Even if you do miss more often - you also hit more often. This is why modern weapons are designed the way that they are. That's undeniable. If it wasn't a massive advantage to be able to fire a lot of rounds very quickly, then guns wouldn't be designed that way, and we'd all be charging into battle with sabres and double-barreled shotguns or something.
Specifics, please. I've played tons of successful D&D games where flintlock weapons were involved (or more primitive weapons), or d20 games where flintlock or similar weapons were the primary weapons of the setting, and it worked. Largely because they can only be fired as fast as or more slowly than other weapons in the setting.

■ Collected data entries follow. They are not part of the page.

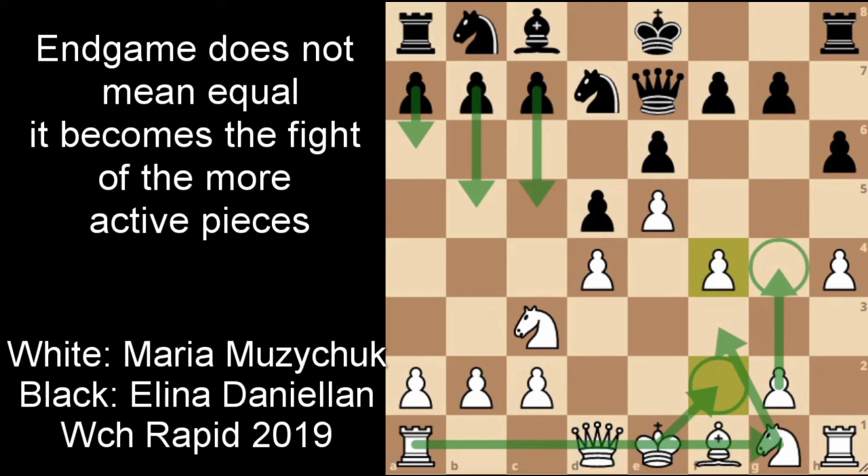Hopefully you enjoyed and learned something about this French defense Alekhine-Chatard variation. If you want to find an opponent to spar, my link to Lichess is always below. If you liked this video and learned something, please consider pressing the like button — I'll appreciate it a lot, and I'll see you in the next one. Thanks for watching.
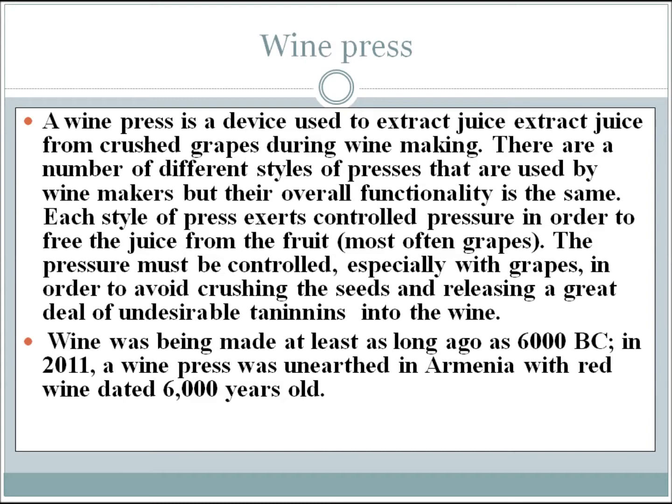Wine was being made at least 6,000 years before Christ. In 2011, a wine press was uncovered in Armenia with red wine dated 6,000 years old. So that's quite some time.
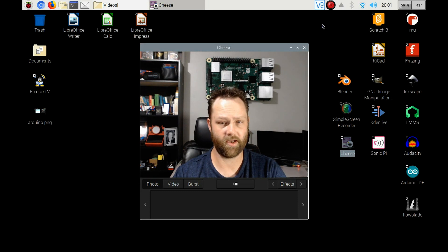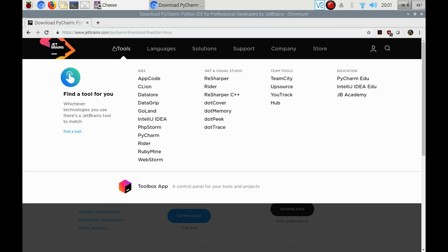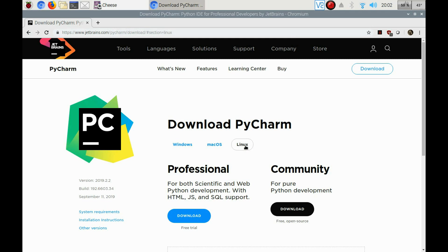Let's get started. The first thing we're going to do is go to jetbrains.com/pycharm/download. We're going to make sure we are on Linux, and then we're going to go over to the Community edition on the right and download the free open source version.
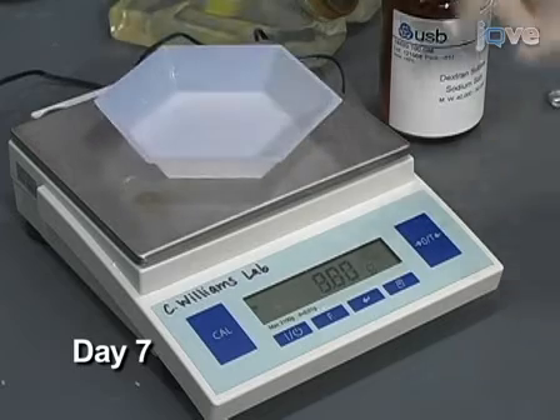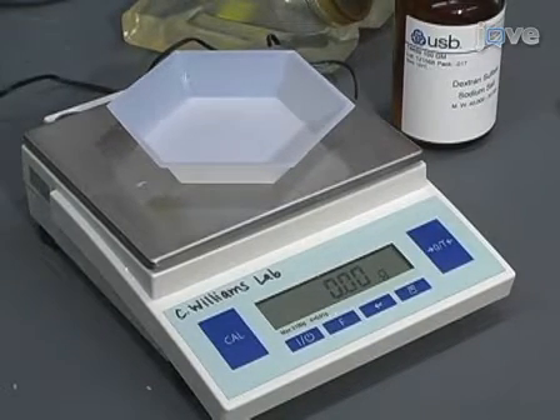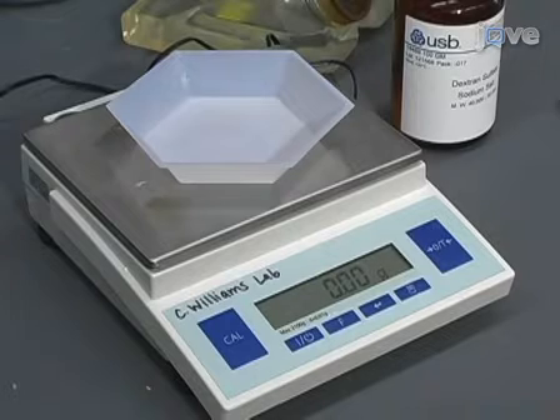Three days later, on day seven, the mice are weighed again. The colon can then be harvested from the euthanized mice, as shown in the next section.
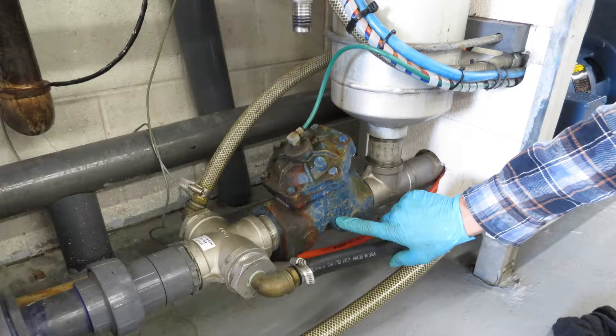Today we're going to rebuild an Aquamatic valve. Aquamatic valves are incredibly strong and long lasting valves that can be on equipment for years before rebuilds are needed. If they begin to leak air or water, are slow to actuate, or if they leak when closed, it's time for a rebuild.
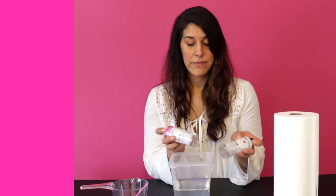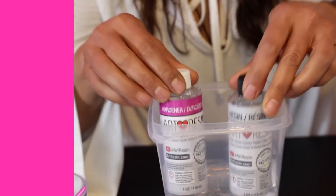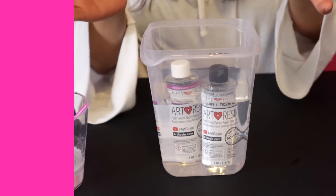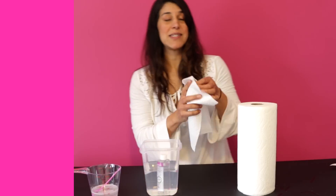So if you want it thinner, just give it a baby bath. Nice warm water, doesn't have to be hot, and pop your bottles in there for like 15-20 minutes. Super important though — make sure you wipe them off. You don't want even a single drop of water getting mixed into your resin and hardener, otherwise you're going to end up with cloudy resin.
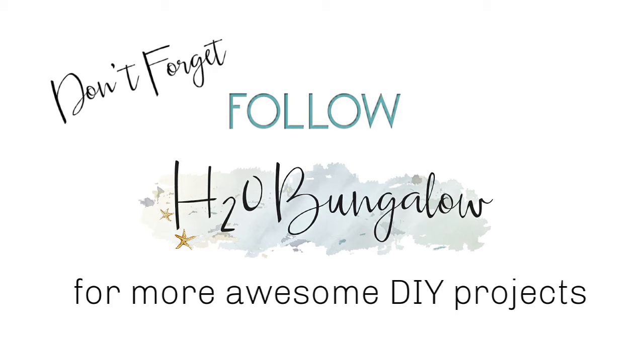If you like this project please give me a thumbs up, leave me a comment, and subscribe to my YouTube channel. And while you're on my blog, don't forget to subscribe to that too. Thanks for watching and we'll see you on the next creative DIY project from H2O Bungalow.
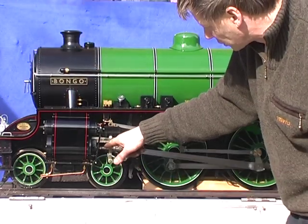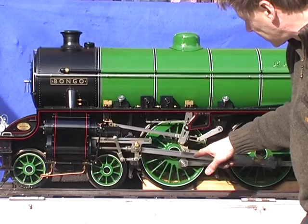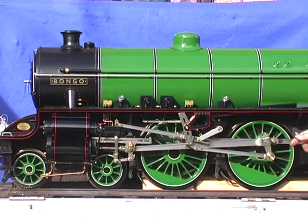You can see the piston rod coming out here, which pushes backwards and forwards the cross head, which pushes the connecting rod backwards and forwards, which pushes and pulls on the crank pin to turn the driving wheel.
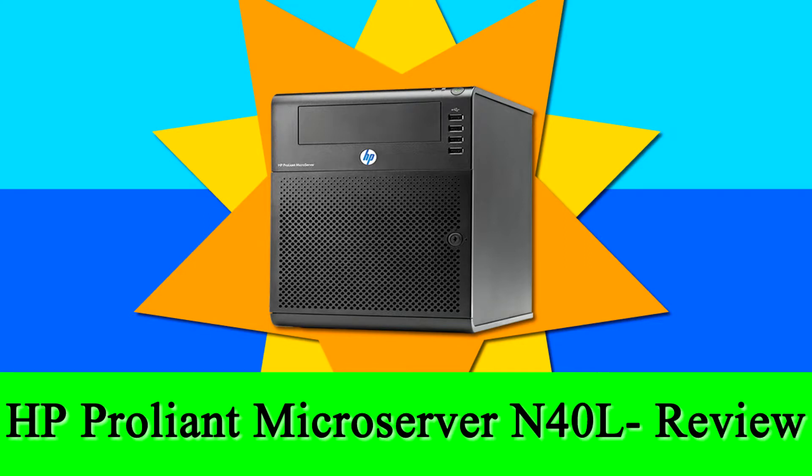In this video we're going to be reviewing the ProLiant MicroServer N40L. This is a home server — or small micro server — made by HP. It's really aesthetically pleasing and pretty small, about the same size as a small hard drive case or small tower. If I was to guess, it's about 20 centimeters by 20 centimeters by about 25 centimeters high. I've had one of these since 2015 and it's been a great little purchase.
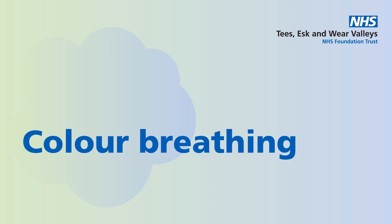Now, visualise your colour, perhaps in the form of light or mist. And if it's difficult to visualise that colour, just imagine something that is that colour.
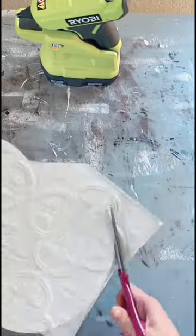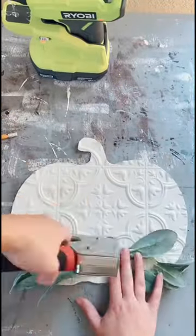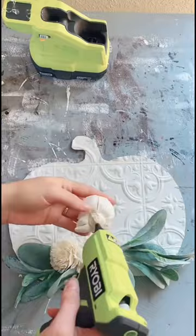Then you can attach it to your wood side, and I use hot glue for that. But disclaimer: if you live somewhere hot, use wood glue. Next, we're going to staple on some greenery and glue on some solo wood flowers, and it's all done.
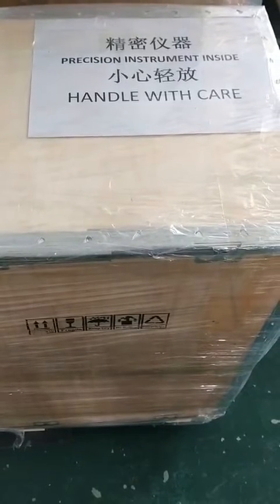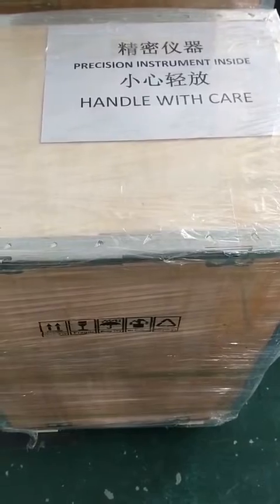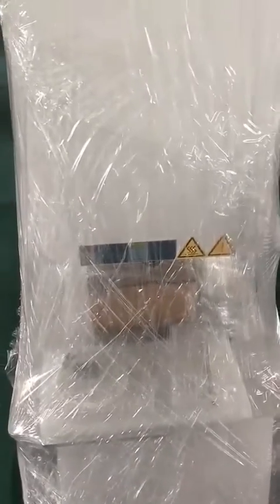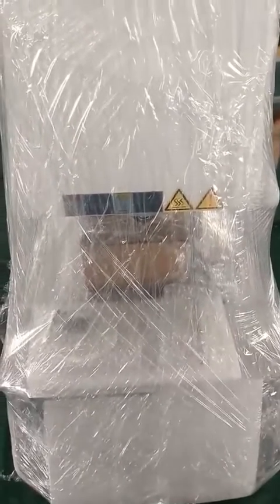When you receive your order, the Brazilian furnace package looks like this. You need to open the carton and take out the Brazilian furnace. The Brazilian furnace comes with a plastic cover, and you need to remove the plastic.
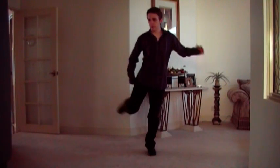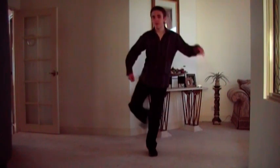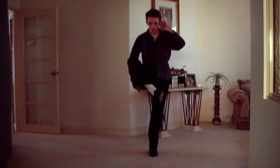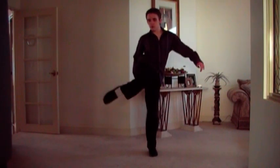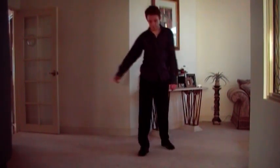And bring this, bring the leg around, so it's like horizontal, almost horizontal. Side, side, side, and down. Side, side, side, and down. Like that.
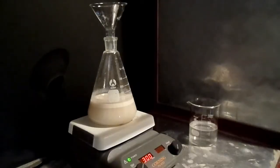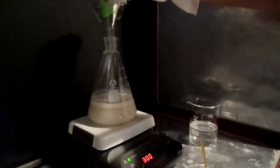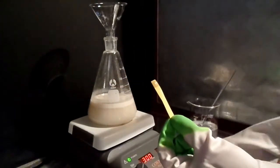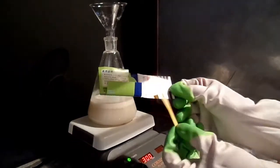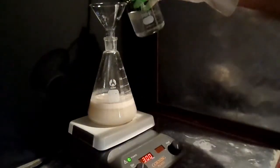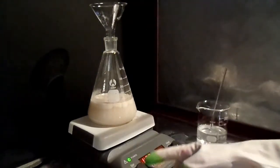Prior to distillation, I wanted to check the pH of the solution, since nitriles undergo hydrolysis in both acidic and basic conditions. Using litmus paper, I tested the pH of the solution and it seemed to be around 6. I added a very small amount of sodium hydroxide solution, but this isn't too necessary as the pH was already so close to neutral.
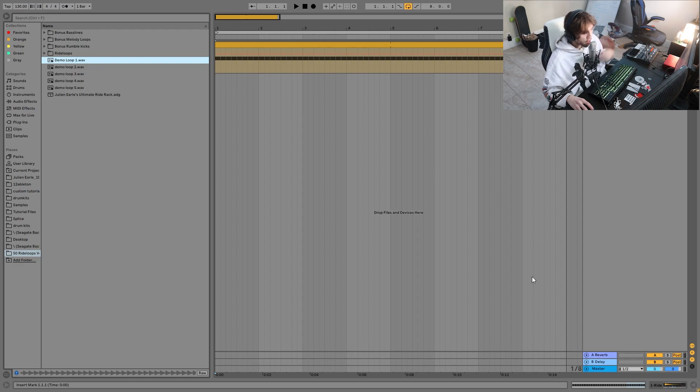Hey guys, it's Julian and today I'm super excited to be talking to you about how to make ride cymbal loops. We're going to be talking not just about how to get the 909 ride, but how you can really take that and work it into the more modern style of ride cymbal — much wider, a lot brighter. There's just a little bit going on there that you don't get if you just take a ride cymbal out of a 909. So today I'm going to be showing you everything you need to know to make this style of rides.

Where modern firearms were? No. It all just gets really silly really fast unless you completely abandon HP as anything but plot armour (as
@ardoughter suggests). I seem to recall that Spycraft 2E attempted something similar to what you're suggesting re: multiple shots/attack, but I forget the actual mechanics, and I think it translated to just not tracking ammo and having bad rolls force you to reload or something. Spycraft 1E and d20 Modern were just completely terrible for this, and got silly pretty much the first time a gun was used in combat.
I mean, I tell you what, you say you could do this, I'm not going to challenge you to put your money where your mouth is, but can you even find a game that has successfully done it? Further, can you find a game that uses the d20 or 5E rules to its advantage, and does a better job simulating action movies or TV series or the like than a game actually intended to do that?
I've played loads and loads of games where the rules were "plausible" enough. I don't have exacting standards. But D&D has a peculiar set-up which is particularly bad for this sort of thing. This is a D&D problem specifically, not an RPG problem in general.